Source material:
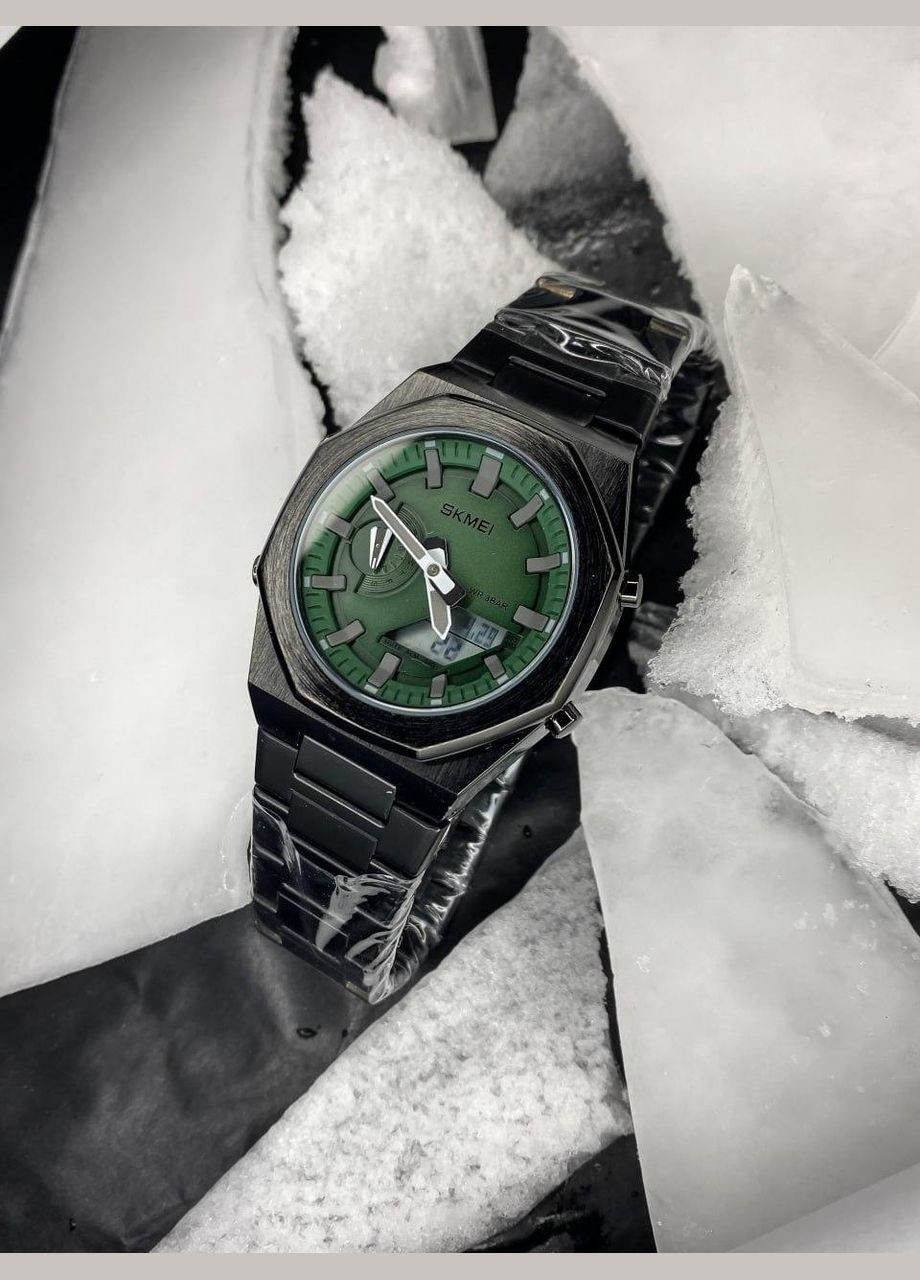 Чоловічий наручний годинник 1816 PTR Skmei (317595265)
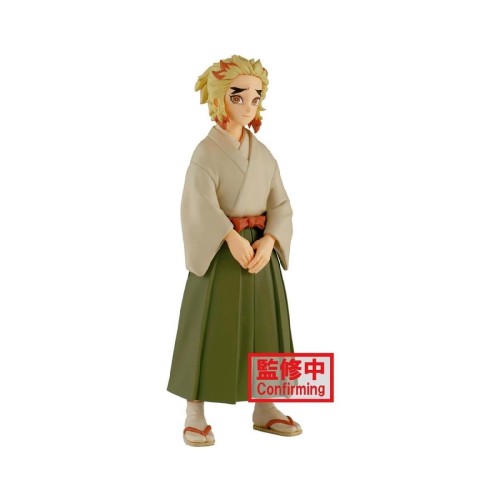 Banpresto Demon Slayer: Kimetsu No Yaiba - Senjuro Rengoku (Ver.A) Statue (15cm) (19254)
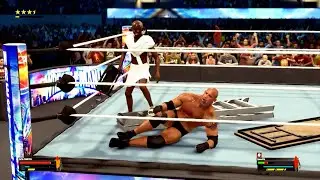 GoldBerg vs Gandhi in the WWE
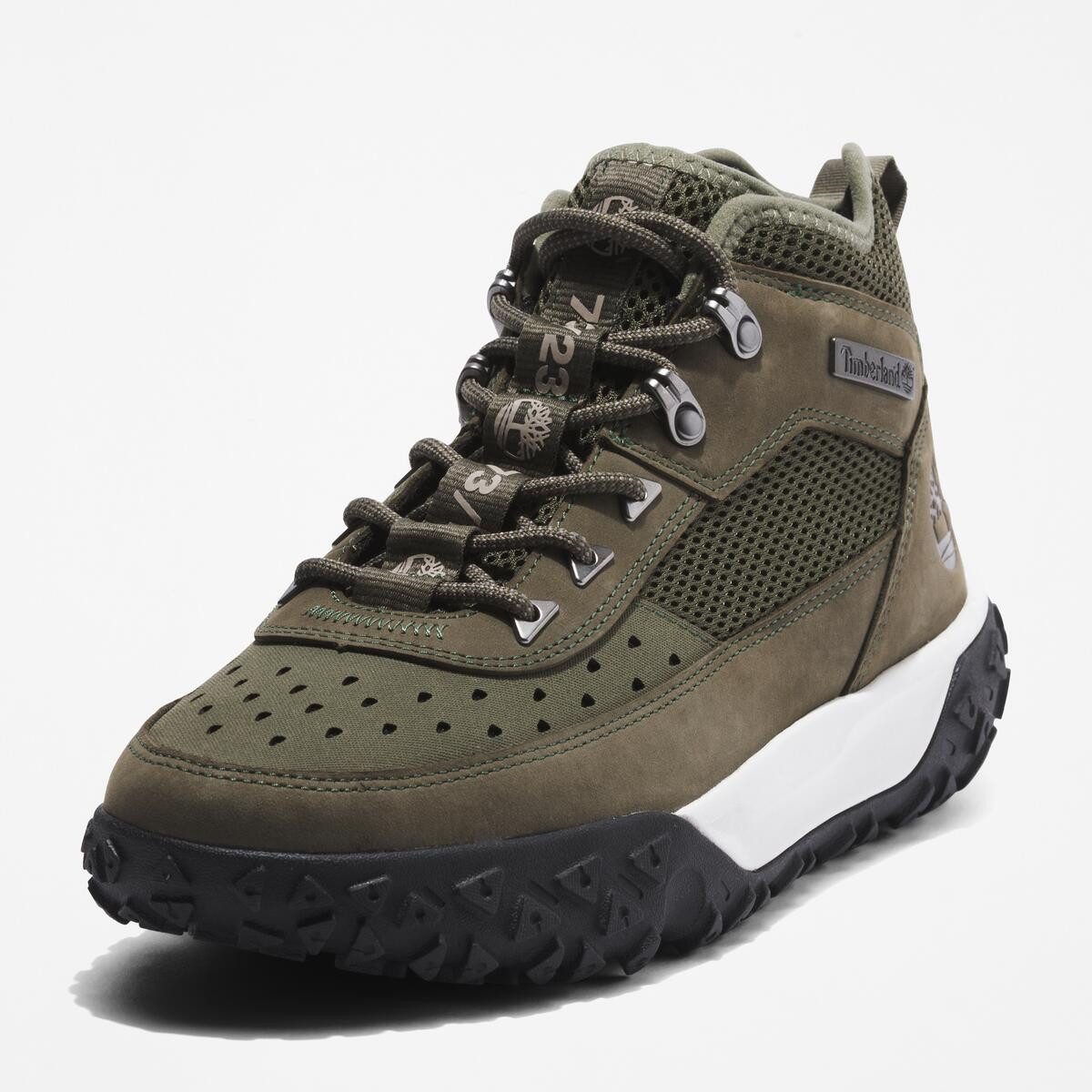 Timberland Chelsea-boots GREENSTRIDE MOTION 6MID LACE UP SNEAKER Winterlaarzen, veterschoenen, winterschoenen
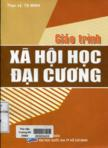 Giáo trình xã hội học đại cương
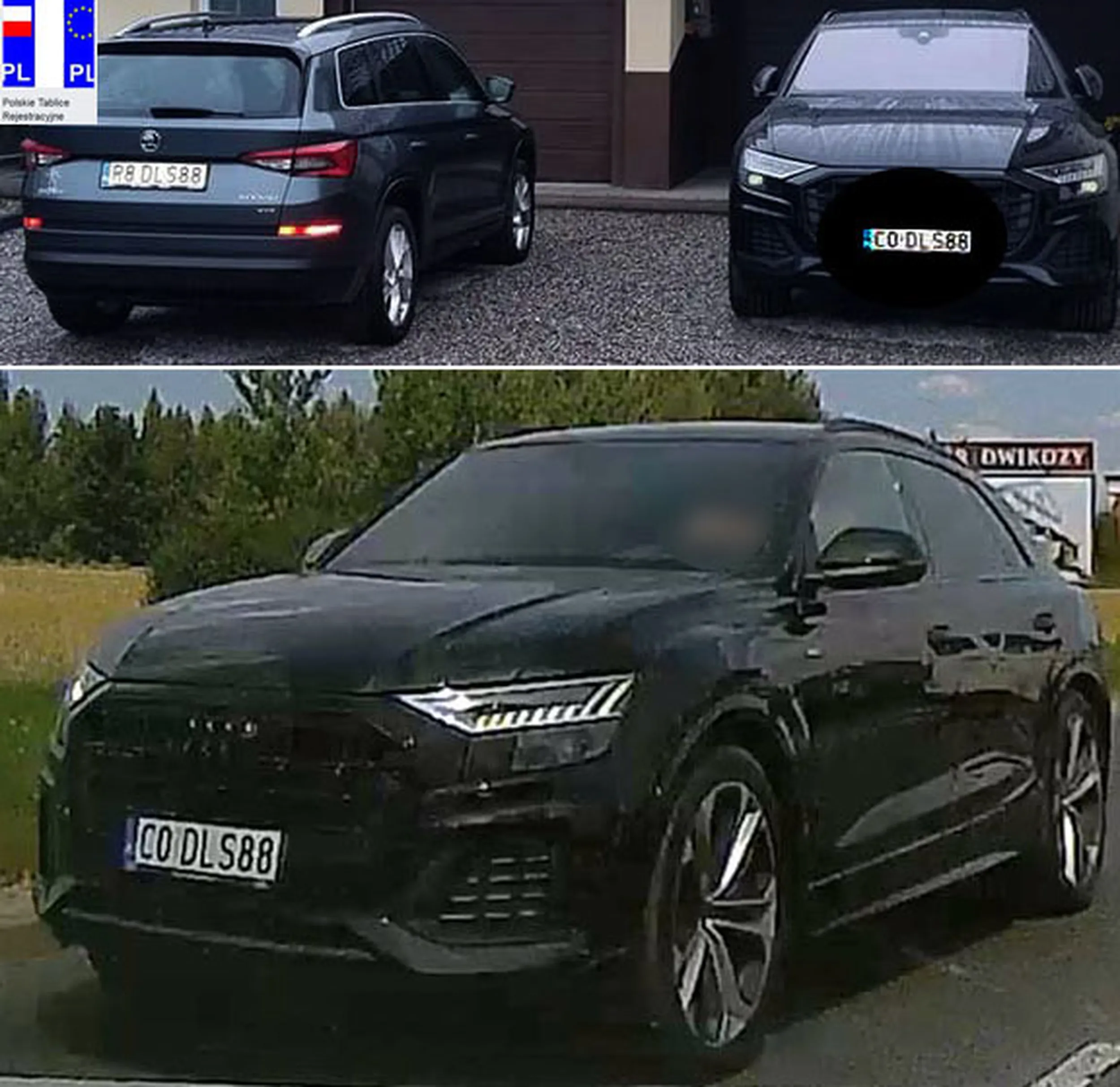 Fajny numer, blacha C0 DLS88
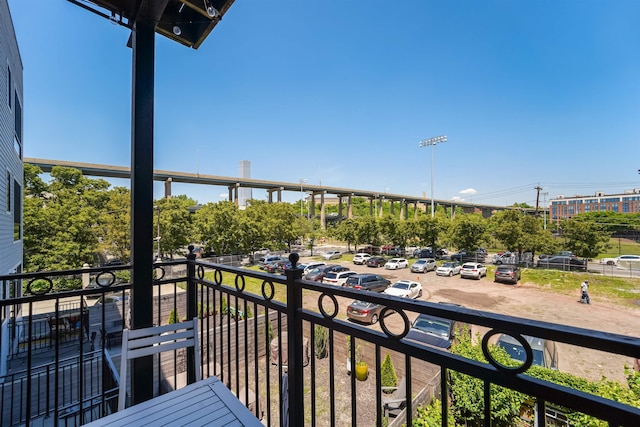 380 7th St Unit 2A, Jersey City, NJ 07302 - view of balcony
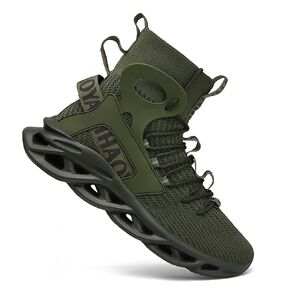 Nihaoya Men Athletic Walking Running Tennis Shoes Fashion Sneakers
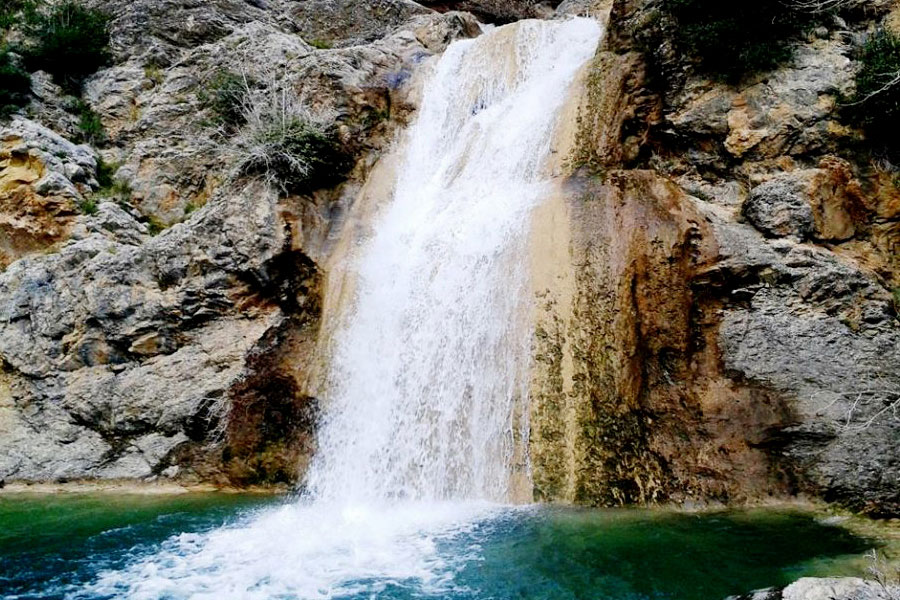 Οι Καταρράκτες Της Λεπίδας Αρκαδία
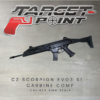 CZ SCORPION EVO3 S1 – CARBINE COMP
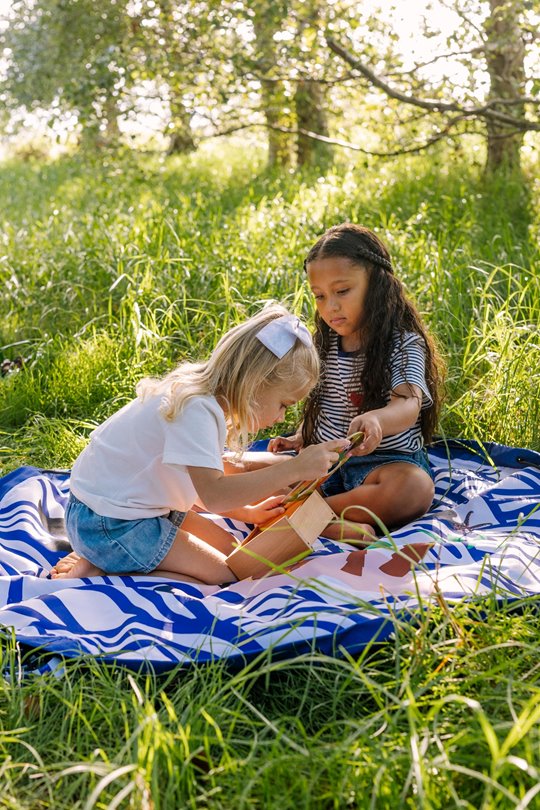 Play&Go NOOMAD OUTDOOR Worek na Zabawki i Mata do Zabawy 2w1 Pira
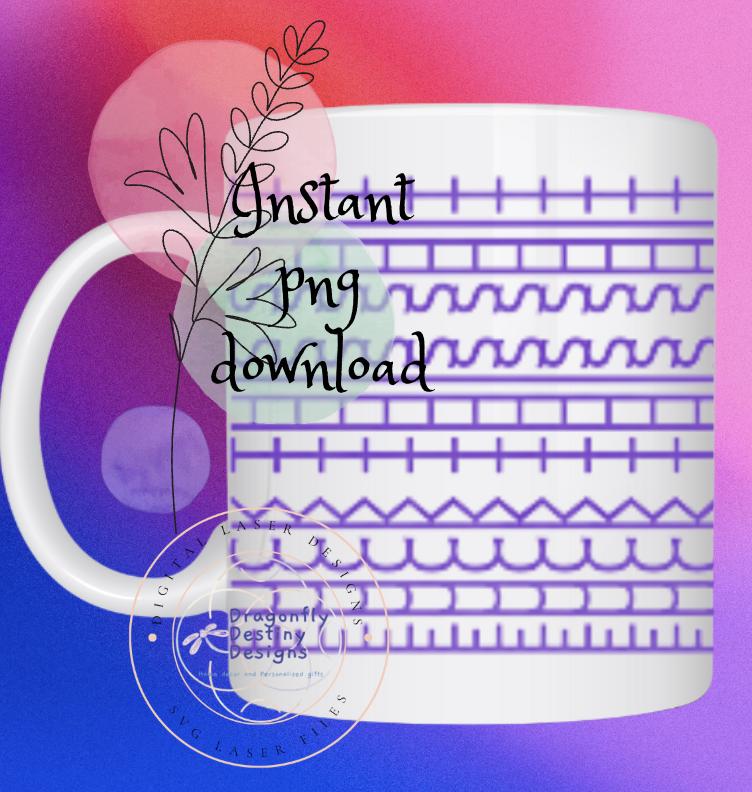 SVG and PNG design for the FTS text (Digital Download)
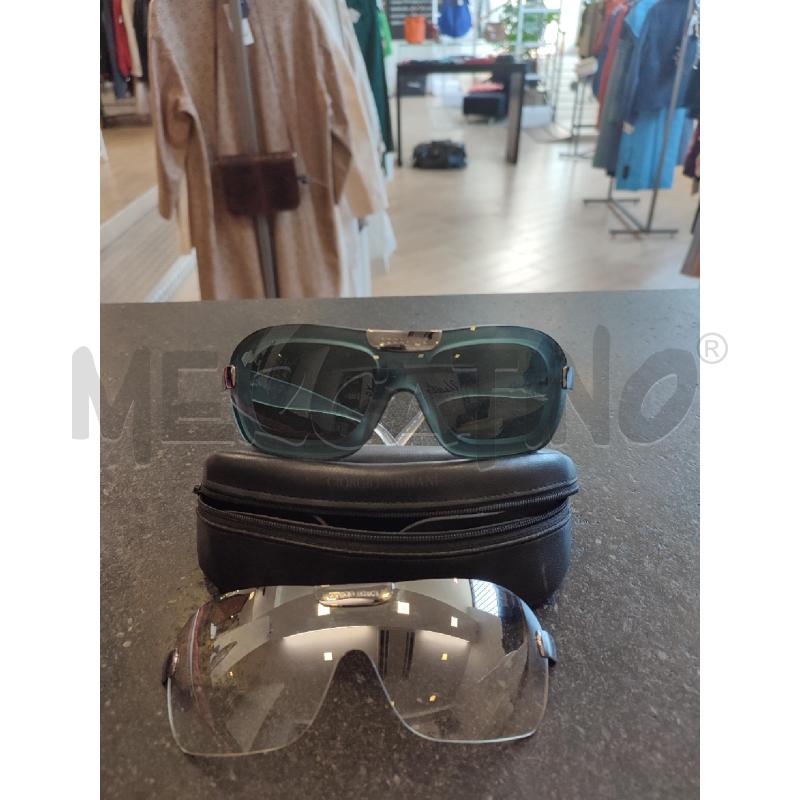 OCCHIALI UOMO GIORGIO ARMANI+MASCHERINA CALAMITATA +CUSTODIA  | Mercatino dell'Usato Roma montemario 2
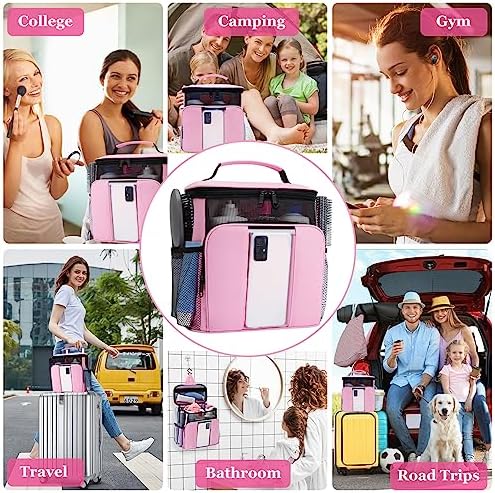 Dorm Room Essentials for College Students Girls Boys Guys, Shower Caddy - Image 6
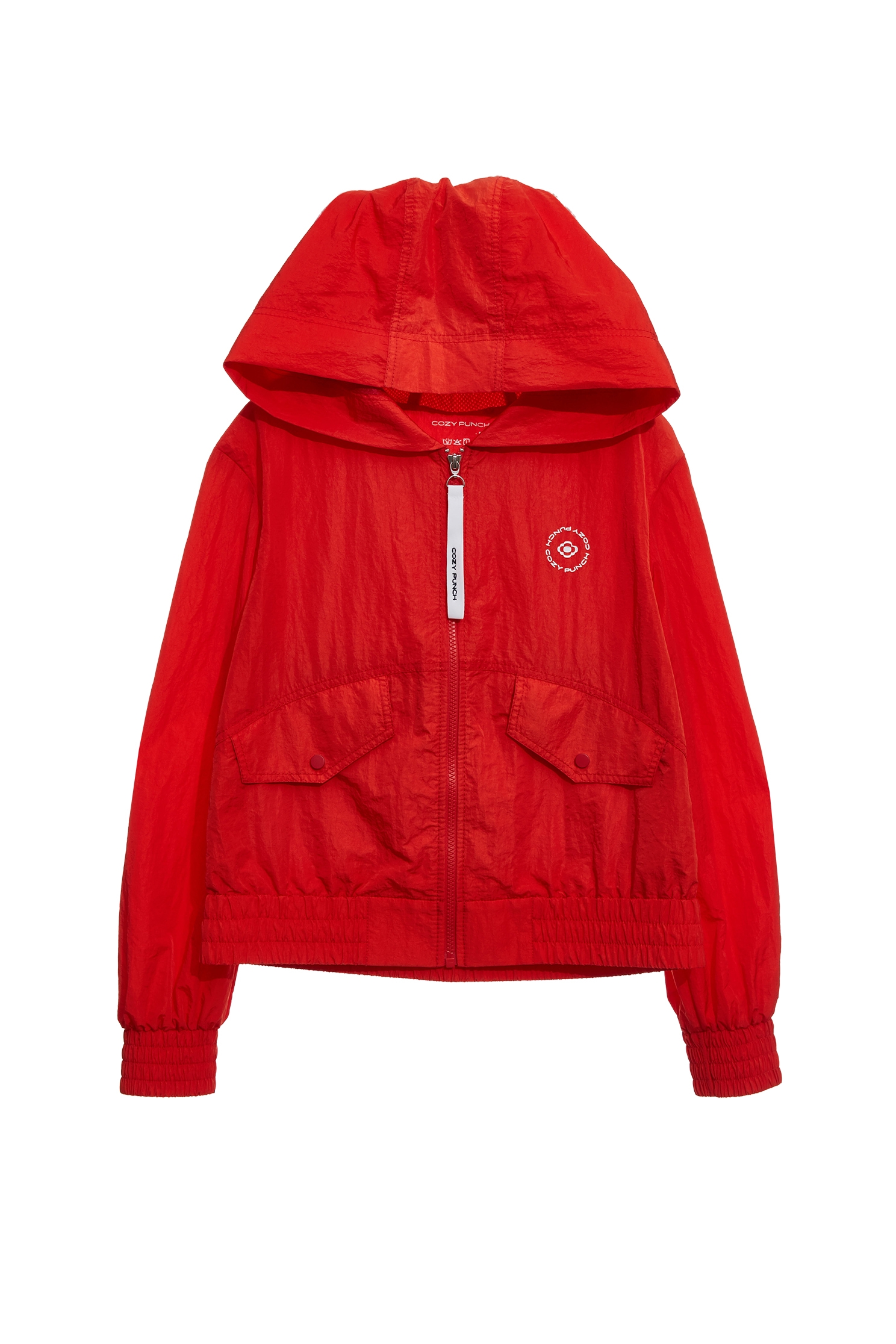 Chilli Red Hoodie JacketChilli Red Hoodie Jacket,COZY PUNCH,Outerwear,Season (AW) Look,Hoodie jackets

Problem to solve: The result should be the material above, unchanged and free of pictures; please print it.

Solution to this task:
 Чоловічий наручний годинник 1816 PTR Skmei (317595265)
 Banpresto Demon Slayer: Kimetsu No Yaiba - Senjuro Rengoku (Ver.A) Statue (15cm) (19254)
 GoldBerg vs Gandhi in the WWE
 Timberland Chelsea-boots GREENSTRIDE MOTION 6MID LACE UP SNEAKER Winterlaarzen, veterschoenen, winterschoenen
 Giáo trình xã hội học đại cương
 Fajny numer, blacha C0 DLS88
 380 7th St Unit 2A, Jersey City, NJ 07302 - view of balcony
 Nihaoya Men Athletic Walking Running Tennis Shoes Fashion Sneakers
 Οι Καταρράκτες Της Λεπίδας Αρκαδία
 CZ SCORPION EVO3 S1 – CARBINE COMP
 Play&Go NOOMAD OUTDOOR Worek na Zabawki i Mata do Zabawy 2w1 Pira
 SVG and PNG design for the FTS text (Digital Download)
 OCCHIALI UOMO GIORGIO ARMANI+MASCHERINA CALAMITATA +CUSTODIA  | Mercatino dell'Usato Roma montemario 2
 Dorm Room Essentials for College Students Girls Boys Guys, Shower Caddy - Image 6
 Chilli Red Hoodie JacketChilli Red Hoodie Jacket,COZY PUNCH,Outerwear,Season (AW) Look,Hoodie jackets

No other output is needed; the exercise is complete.